Remember when you moved into your current house or apartment, and how unsettling it was to go to sleep there for the first few nights? Or is that just me? New noises, odd lights, and unfamiliar surroundings all seem to combine to awaken some deep and primitive insecurity that leaves me feeling as exposed and vulnerable as if I were sleeping on the side of the highway.*

This phenomenon was probably more pronounced than usual when we moved into this house a decade ago. It's big, it's old, and it's oddly shaped, so it made lots of noises and I was forever getting lost in it at first. The quietness of the street seems to make the noises all that much louder, and the streetlight at the foot of our driveway throws odd shadows through the front windows. Frankly, it was terrifying.

Of course, we accommodate quickly, so the anxiety faded in a few days, and now eleven years later I feel more secure in our old boomerang-shaped house than just about anywhere else in the world. At least until two nights ago.

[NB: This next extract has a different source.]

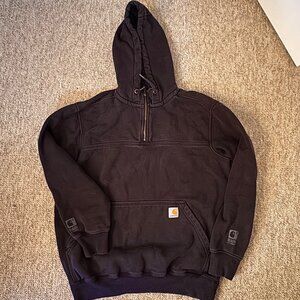 Vintage Carthartt quarter zip - Original Fit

That was when Biscuit woke me around 3:30 AM saying that someone had just pounded loudly on our front door. I don't know if you've ever had the experience of waking to a sudden loud or frightening noise, but it will get your heart going nicely. We wandered the house, peeking furtively out of windows, finding neither prowler nor any indication of anything unusual. We both eventually slept a little more, but it made for a long night and a long next day.

Maybe she dreamed the noise. Maybe not. The fact that I didn't hear it doesn't mean much. I once slept through a tree falling on my house.** The part that is interesting to me is how quickly that first night feeling can return, and our safest refuge once again seem as insubstantial as a house made of straw.

Our monkey brains are excellent at papering over our more primitive systems, so by the next night all was back to normal, and I once again slept the sleep of the dead. Though I'm still a little more attuned to the odd creak or shuffle.

Stephen King once said that what really frightened him was the thought of an unexpected hand closing over his as he fumbled for the light switch in the dark. I think I know exactly what he means.


* I've slept on the side of the highway. I don't recommend it.

** True story. Though in my defense, it wasn't a really big tree.